Keeping good eye contact but ensuring this does not appear confrontational.
Moving slowly and steadily. Try to keep your physical movements calm.
Respecting the other person’s personal space.
The second is to “listen and accept.”
These may be effective strategies, but they are hardly satisfying or even possible in
interpersonal relationships involving two separating or separate parents.
Passive Aggressive behavior as a response to Aggressive Behavior:
If one can’t express his or her anger openly, oftentimes the only way a non-aggressor can express their anger or upset at the other parent without placing themselves or the children at risk is through passive-aggressive behavior. If you can’t react aggressively, what else can you do especially when anger will only serve to escalate the situation or make it worse?

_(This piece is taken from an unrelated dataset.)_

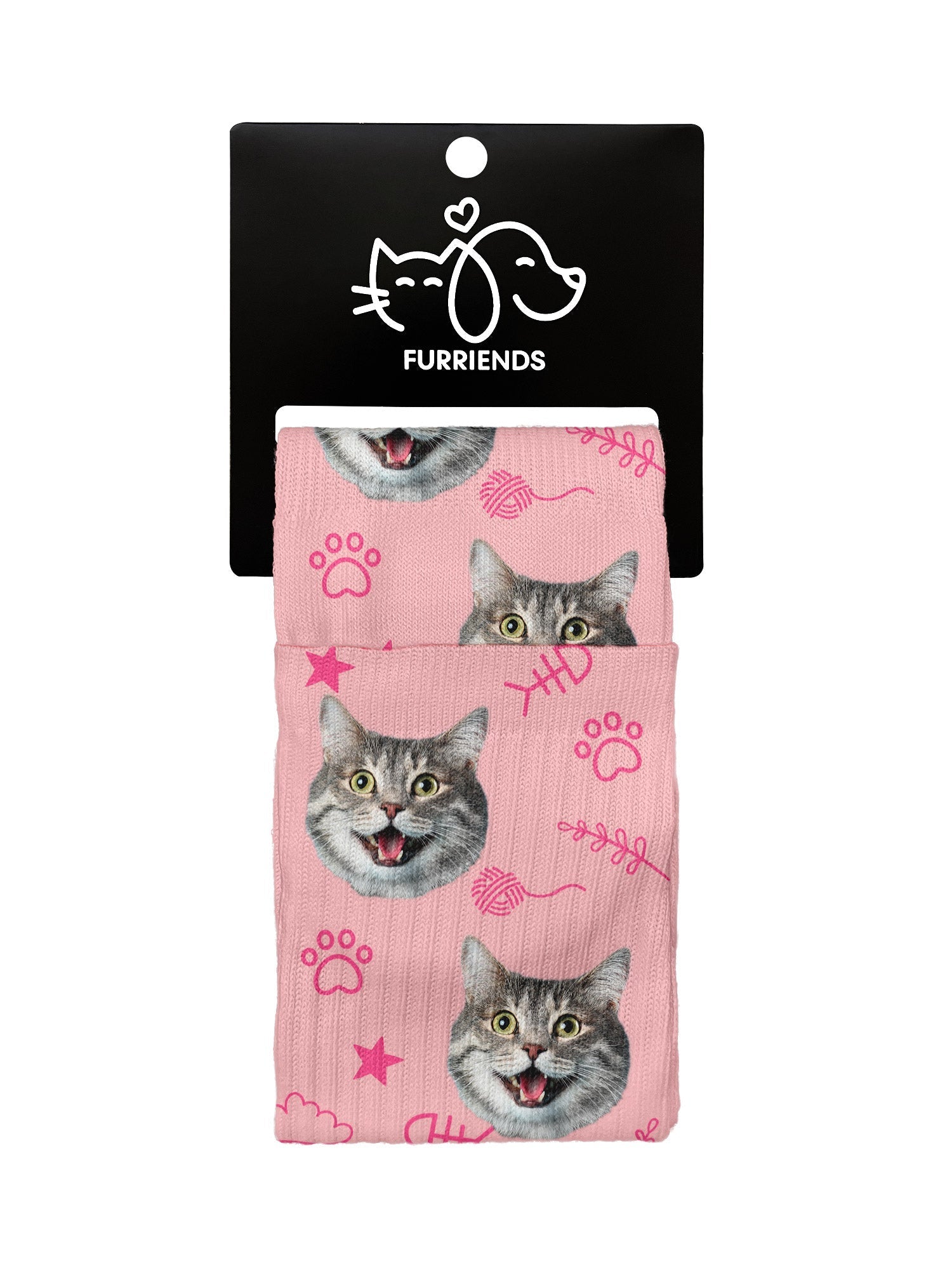 Custom Cat Face Crew Socks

Imagine an aggressive father who makes unilateral decisions for the child enrolling the child in all sorts of activities and telling Mom she has to bring him to the activity. Dad complains that Mom doesn’t respond to his notices regarding the activity. Mom doesn’t respond to Dad believing that Dad is doing what he wants, and she is helpless to stop him. Her only recourse is to fail to participate in his decision making, thereby acting passive-aggressively to his overt aggression. She refuses to bring the child to the activity actively opposing his demand.

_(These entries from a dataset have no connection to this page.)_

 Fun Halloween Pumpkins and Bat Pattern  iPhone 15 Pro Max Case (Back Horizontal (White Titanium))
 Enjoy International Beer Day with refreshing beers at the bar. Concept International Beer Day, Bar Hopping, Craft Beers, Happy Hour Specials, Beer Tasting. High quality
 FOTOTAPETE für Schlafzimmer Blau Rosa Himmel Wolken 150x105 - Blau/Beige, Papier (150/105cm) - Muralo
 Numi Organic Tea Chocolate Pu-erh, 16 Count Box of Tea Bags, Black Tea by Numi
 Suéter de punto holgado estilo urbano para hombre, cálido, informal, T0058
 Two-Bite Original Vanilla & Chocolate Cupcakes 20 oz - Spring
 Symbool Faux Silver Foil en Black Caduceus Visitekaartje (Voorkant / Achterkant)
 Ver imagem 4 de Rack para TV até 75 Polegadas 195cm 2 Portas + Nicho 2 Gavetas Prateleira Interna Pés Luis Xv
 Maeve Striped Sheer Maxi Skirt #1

Mom makes all decisions for the child contrary to court order, all doctor’s appts without telling Dad in a pattern of eliminating Dad from the child’s medical care. Dad responds by making his own appointment and brings the child to his appointment thereby circumventing Mom’s aggressive avoidance of including him. Dad’s reaction is passive-aggressive to Mom’s aggressive acts of ignoring him.
What can the Court Do?
In the two examples above, there is no physical aggression. In a situation involving domestic violence or physical or sexual abuse, the court can make orders of protection, orders of supervised visitation or deny parental access outright.

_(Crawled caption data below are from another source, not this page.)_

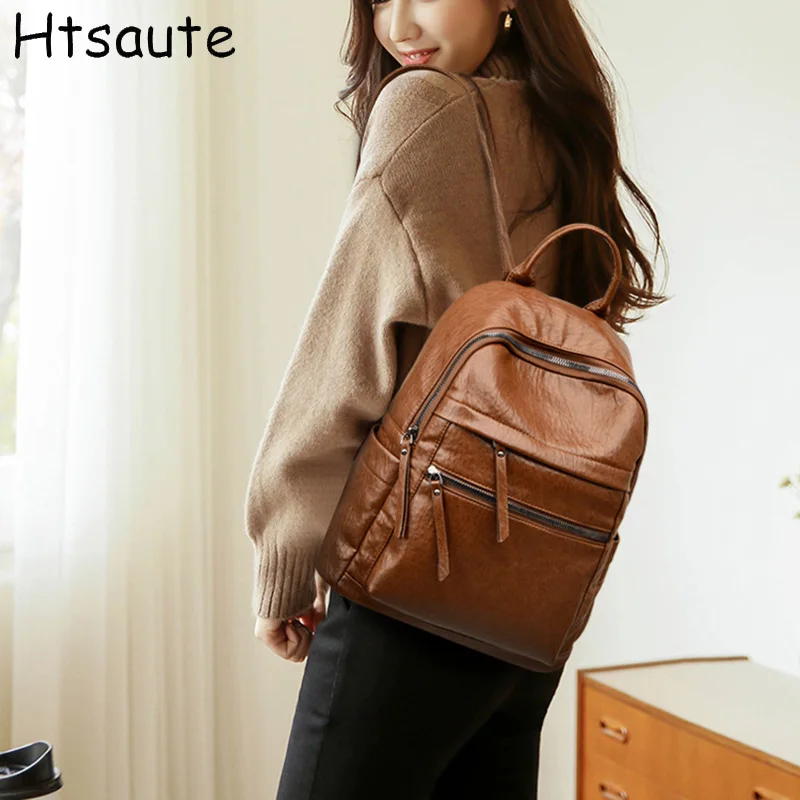 

Women Backpack Cross body Shoulder Bags PU Leather Girls School Packs Female Book Laptop Rucksack Messenger Bags mochilas mujer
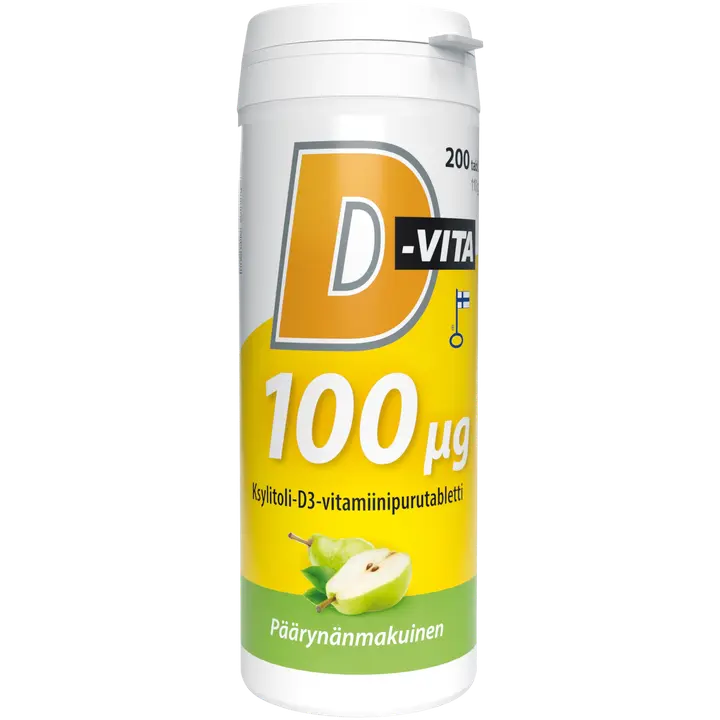 D-Vita D-vitamiini 100 ug päärynä purutabletti 200 tabl.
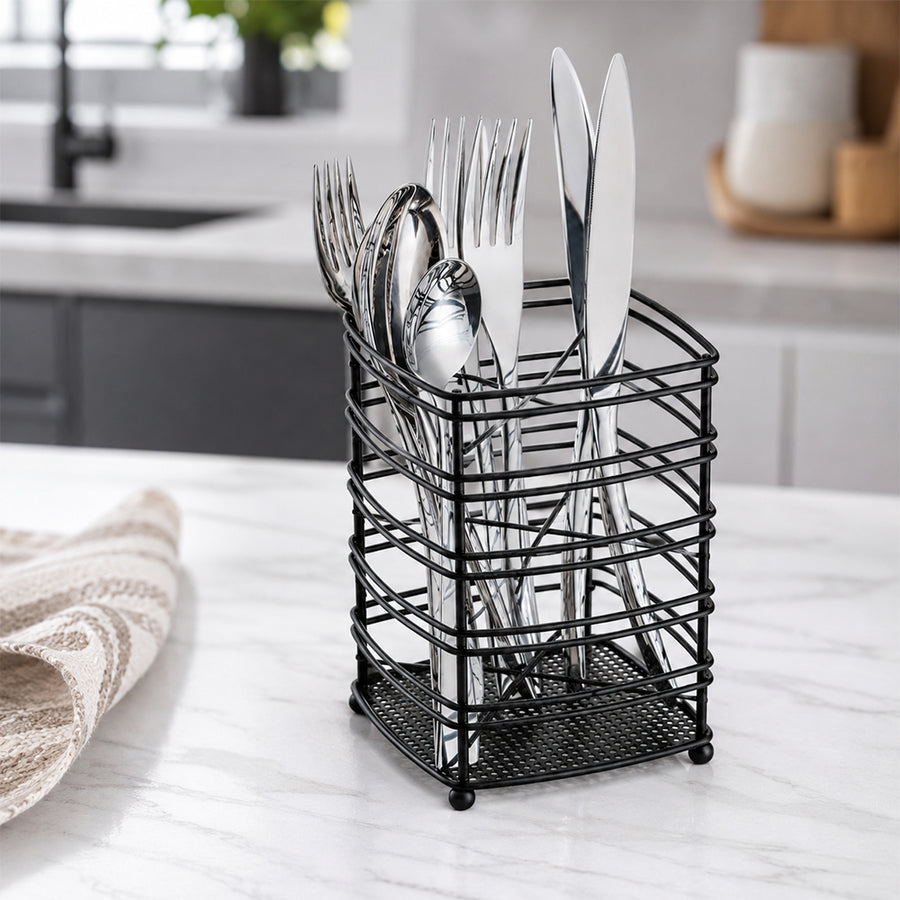 Steel Cutlery Holder with Drain Base for Spoons, Forks & Knives - Black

When the “aggressive” behavior is designed to control the other parent’s time with the child by scheduling activities during their parenting time or visitation or to keep the parent out of the child’s life by failing to include them in medical appointments, the parent whose time is being controlled or the parent who is being kept out, can return to court and try to show through emails, enrollments, calendars, and appointments what the other parent is doing.
In a court system handling cases of abuse or neglect of children these aggressive behaviors can be overlooked or trivialized by an overworked court. The pattern of behavior is none the less alarming as it attempts to control or minimize one parent’s role in the child’s life.
Passive-aggressive behavior is often a response to out and out aggressive behavior and should be looked at within that lens.